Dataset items
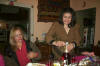 Clic en la foto para verla a toda pantalla: mi T�a Rebeca y mi Mam�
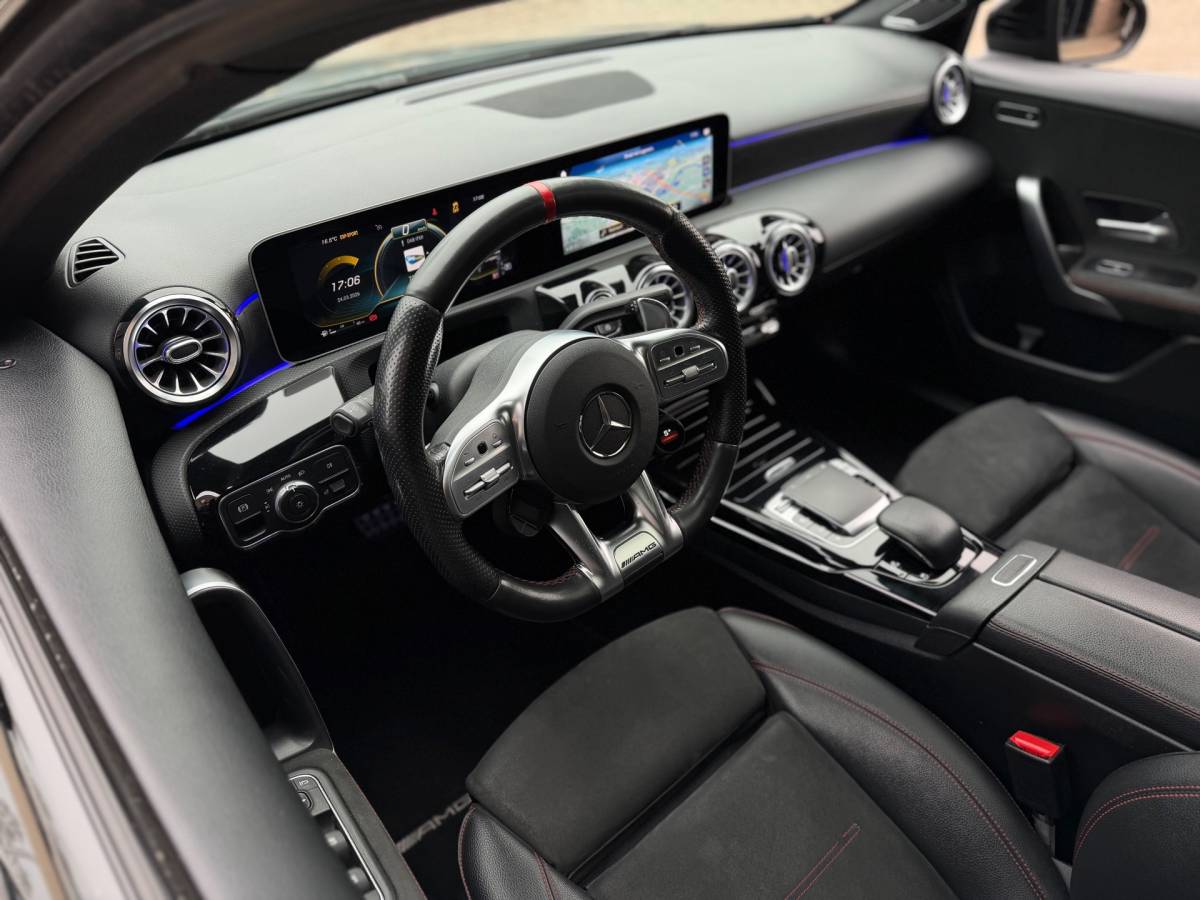 Mercedes-Benz A-Klasse Mercedes-Benz A-klasse AMG 35 4MATIC Premium Plus Pano Ambient Lighting
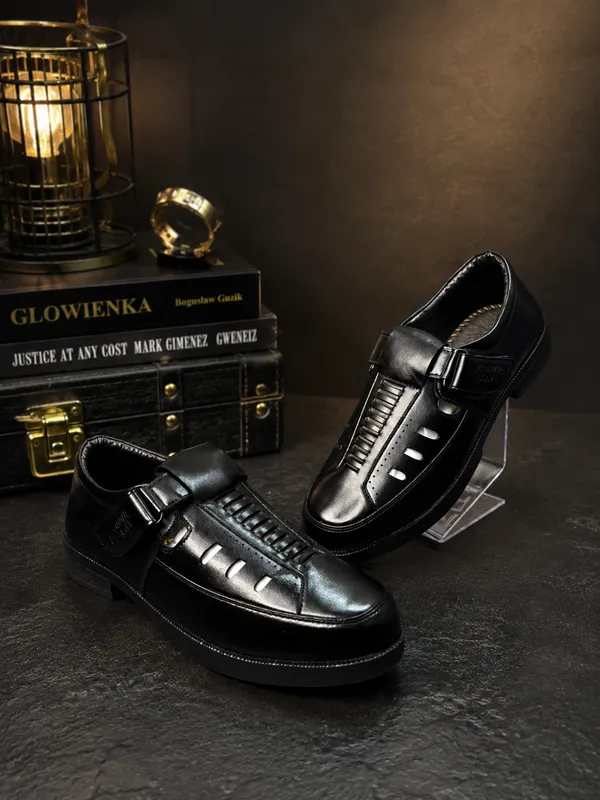 Faux_Leather_Cross_Spark_Roman_Sandal's_Crust_Black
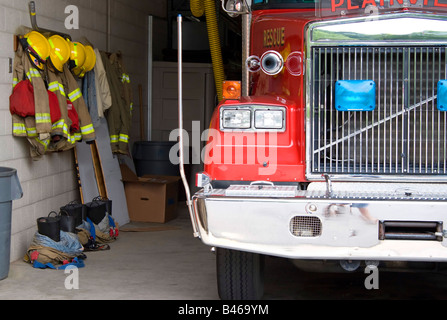 Ein Feuerwehrauto ist mit allen die Brandbekämpfung Ausrüstungsgegenständen, die bereit zu gehen in der Bucht geparkt. Stockfoto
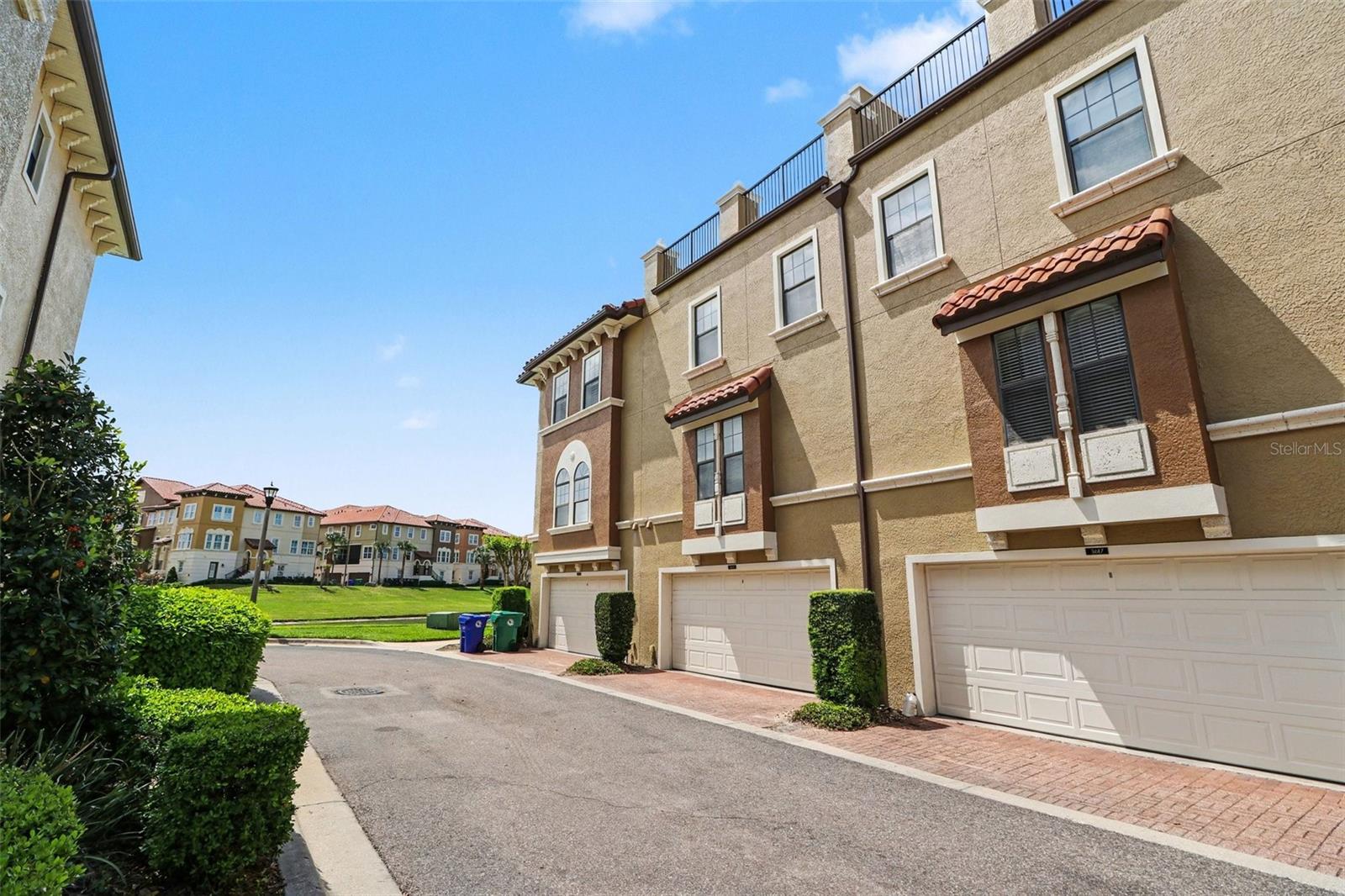 FOUNTAIN PARKE AT LAKE MARY - Residential
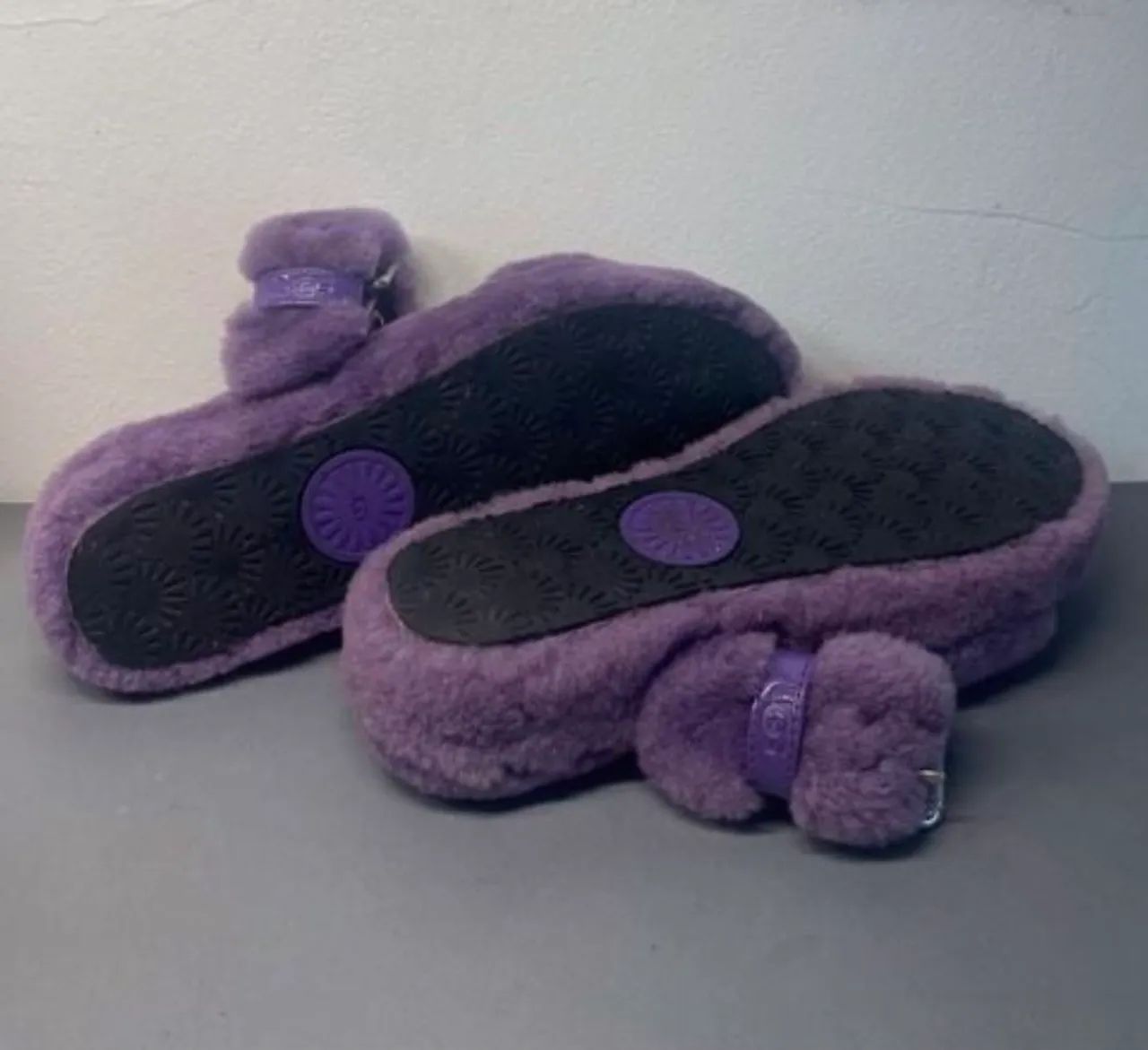 Sandália Ugg  - Foto 4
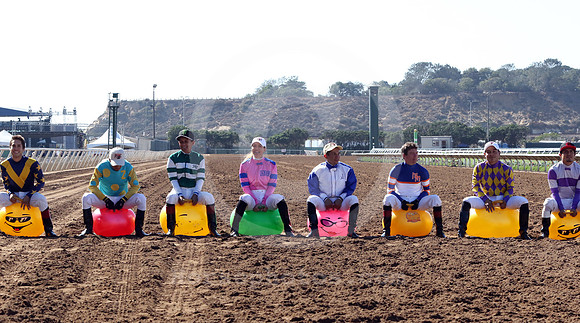 2016delmarjockeyhippetyhop05_cg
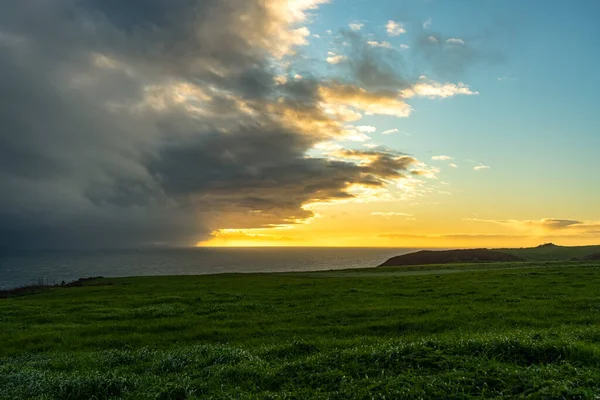 Gyllene Solnedgången Havskusten Med Solnedgången Över Horisonten Asturien Spanien — Stockfoto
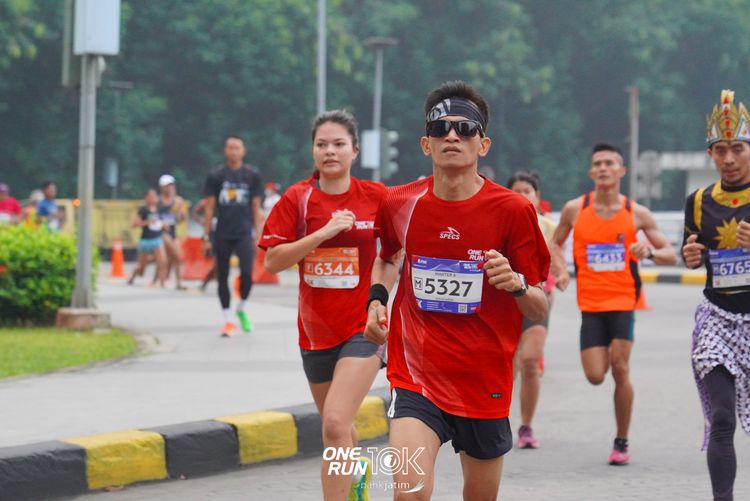 Race photo from ONE RUN 10 K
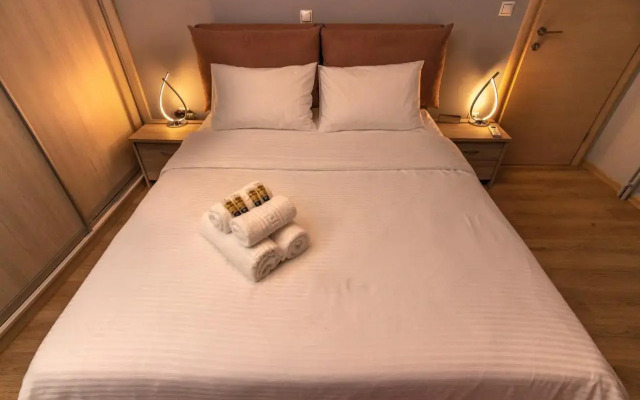 Luxury suite 10’ from the center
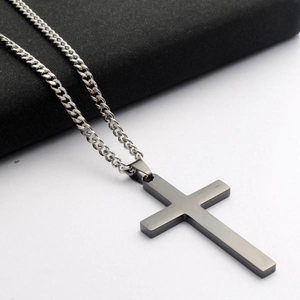Minimalistische geborstelde donkergrijze roestvrijstalen kruis ketting met Cubaanse schakel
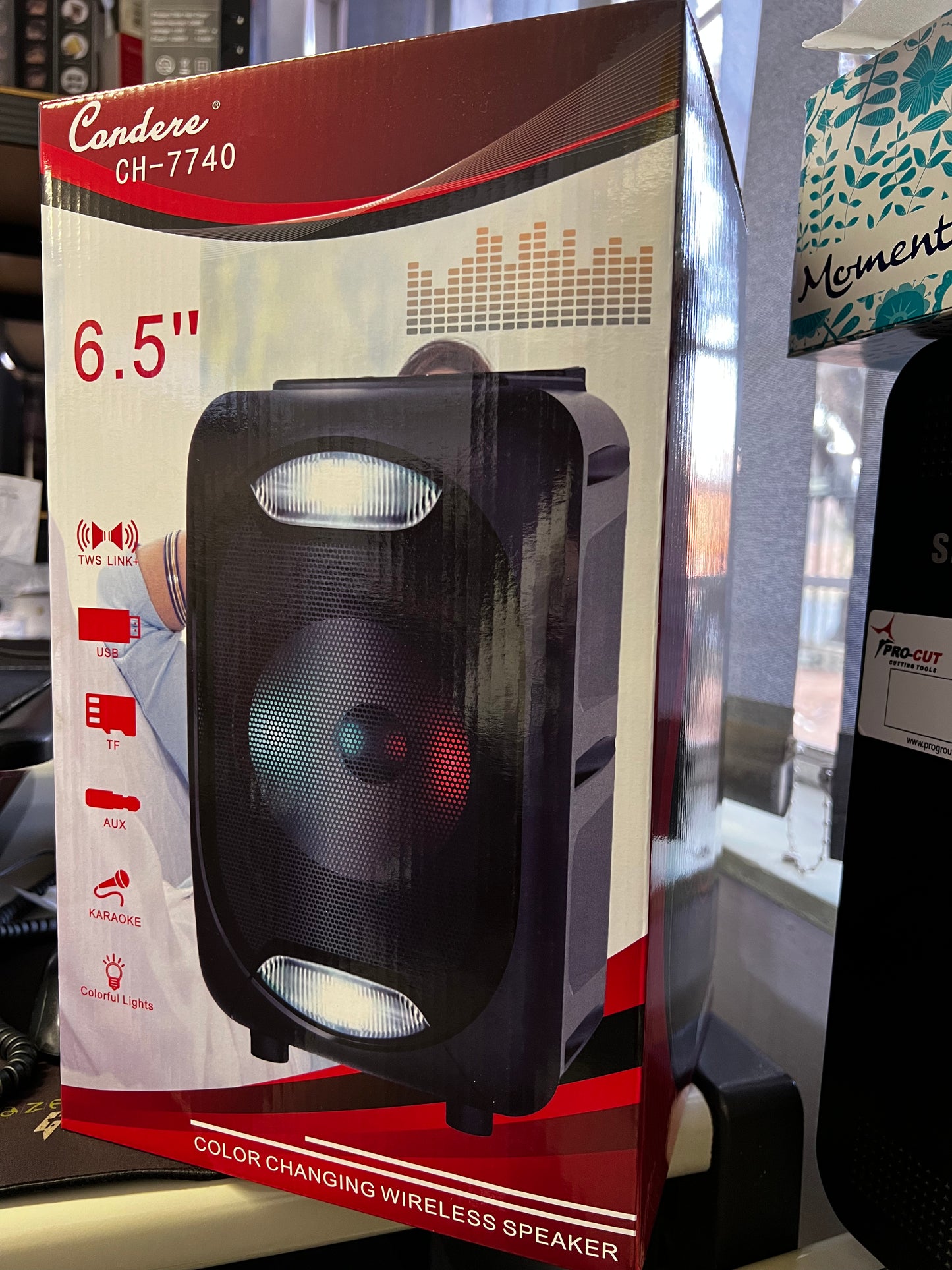 Condere 6.5Inch Colour Changing Speaker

### [To do]
Every line above must be printed again exactly, pictures excluded.

### [Solution to the exercise]
 Clic en la foto para verla a toda pantalla: mi T�a Rebeca y mi Mam�
 Mercedes-Benz A-Klasse Mercedes-Benz A-klasse AMG 35 4MATIC Premium Plus Pano Ambient Lighting
 Faux_Leather_Cross_Spark_Roman_Sandal's_Crust_Black
 Ein Feuerwehrauto ist mit allen die Brandbekämpfung Ausrüstungsgegenständen, die bereit zu gehen in der Bucht geparkt. Stockfoto
 FOUNTAIN PARKE AT LAKE MARY - Residential
 Sandália Ugg  - Foto 4
 2016delmarjockeyhippetyhop05_cg
 Gyllene Solnedgången Havskusten Med Solnedgången Över Horisonten Asturien Spanien — Stockfoto
 Race photo from ONE RUN 10 K
 Luxury suite 10’ from the center
Minimalistische geborstelde donkergrijze roestvrijstalen kruis ketting met Cubaanse schakel
 Condere 6.5Inch Colour Changing Speaker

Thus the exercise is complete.